Zimbabwe crisis deepens as Mugabe sticks to his guns


Harare - Zimbabwe's political and economic crisis is deepening as President Robert Mugabe cranks up pressure against the opposition, and continues his controversial land-seizure drive, political analysts say. They argue that Mugabe has compounded Zimbabwe's gloomy outlook with a swoop of arrests and warnings to his opponents that he will not tolerate any protests against his rule, and another vow that his land reforms are irreversible. "If you look at all the things that are happening...if you add it up in any manner you want, what you will find is a situation that is getting worse and worse," said Masipula Sithole, professor of political science at the University of Zimbabwe. "There is more repression, a more repressive atmosphere and there are no new ideas coming from the government. It is behaving as if everything is normal and that is what is making the situation really bad."
The government arrested and took to court nearly 100 members of the main opposition Movement for Democratic Change (MDC) this week for illegal rallies. The ruling Zanu PF party says the rallies are being called to plot a national revolt to overturn Mugabe's re-election earlier this year in a disputed poll. MDC leader Tsvangirai accused the police of brutality in dispersing the rallies, but said he would not give up his efforts to organise anti-government protests. While Mugabe's government kept its eyes and guns on its opponents, the crisis in Zimbabwe's economy, in its fourth year of recession, appeared to be worsening. Food shortages - blamed on drought and Mugabe's seizures of white-owned commercial farms - are spreading, the Zimbabwean dollar continues to crumble in value and the price of critical health drugs has risen by over 200 percent since December. "The economy has become a hostage of our politics and there is nothing in our politics to liberate the economy," said private economic consultant John Robertson.

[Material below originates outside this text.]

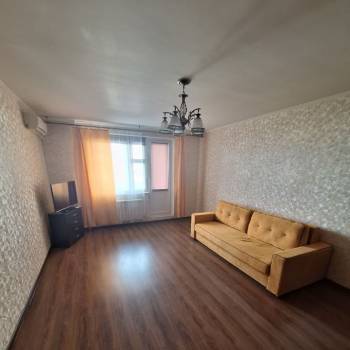 Сдается 2-х комнатная квартира, 55 м²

Increasing numbers of farmers whose land has been designated for seizure by Mugabe's government for redistribution to landless blacks are leaving their land following government orders, raising the spectre of an even wider food crisis. Many of the farms' new occupants have little or no farming experience and Zimbabwean farmers are emigrating in droves, with some neighbours like Mozambique snapping up their expertise. The Commercial Farmers Union (CFU), which represents about 4,500 white farmers, says up to 90 percent of its members are likely to lose their land under the government's "fast-track" land-reform programme. Agricultural authorities in Mozambique said on Sunday some of the 150 Zimbabwean commercial farmers who had applied for land in the central province of Manica would soon be operating there, having paid their taxes and consulted local communities.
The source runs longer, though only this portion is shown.